July 28 (~07:00 – ~18:45)
Rim Alternate Junction – Crater Lake National Park Boundary (24.6 mi / Total: 1814.7 mi) (Actual distance walked: 18.9 mi +1.4 bonus miles to Mazama Village)
Total PCT miles: 1739.4
Weather: Hot and dusty.
It’s Crater Lake day. I’m excited. I get up on time so I can enjoy the views before all the tourists and day trippers arrive. It’s Sunday, not the best day for a destination like this, but I’ll just have to work around that.
I’m camped just before the start of the Rim Trail, and I follow the path as it climbs up in the shade. For the first time, it’s cold, but once the sun hits me it’s instantly pleasant, and the mosquitoes have returned. It takes a while to get to the rim, but I get some nice views on the way – grassy hills with a haze of mountains in the background.
When I reach the rim it’s already after 8, and I wished I’d left earlier. Car are pulling up to the viewpoints, it’s slowly getting busy. But somehow the Rim Trail itself is deserted, and I watch the crater in peace, hazy blue cliffs, reflective water and that black, contrasting island in the middle. The whole thing is huge, the atmosphere is calm, and it’s gorgeous.
I follow the Rim Trail for some 6 miles, the sandy path curving around, steep climbs up and down, affording slightly different views of the crater along the way, and I take pictures of every single variation. It’s all blue and clear and the backdrop has this dreamy quality to it. I wasn’t expecting to like it so much. It takes hours to get through, much longer than I’d expected, but I can’t help but take advantage of the views, and enjoy them as opposed to rushing past. I’m quite chuffed that the official PCT route, although much more level and easier, is actually longer in distance, and the free mileage will make up for taking so long to see the lake.

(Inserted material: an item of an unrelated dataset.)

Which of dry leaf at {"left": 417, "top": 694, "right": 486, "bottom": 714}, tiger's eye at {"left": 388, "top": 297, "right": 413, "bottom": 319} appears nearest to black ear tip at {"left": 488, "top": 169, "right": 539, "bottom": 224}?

The trail starts to get busy when I approach the Rim Village, which has some buildings, restrooms, a parking lot and a gift shop. I cast my final glances onto the lake and enter the café, where I queue and take a drink and a fruit cup and eat it on a rock outside. I need to get going though, this isn’t where I’m supposed to be right now. I need to do my resupply at nearby Mazama Village, which has a campground and restaurant and is operated by the same people as the shops in Rim Village. I find my way out of the parking lot and continue through the woods until I get to the side trail which will take me to the store. After all these days of carrying a heavy pack I’ve finally run out of food, and I’ll need to resupply for at least a few days, if not all the way to Ashland, still some 4 or 5 days away.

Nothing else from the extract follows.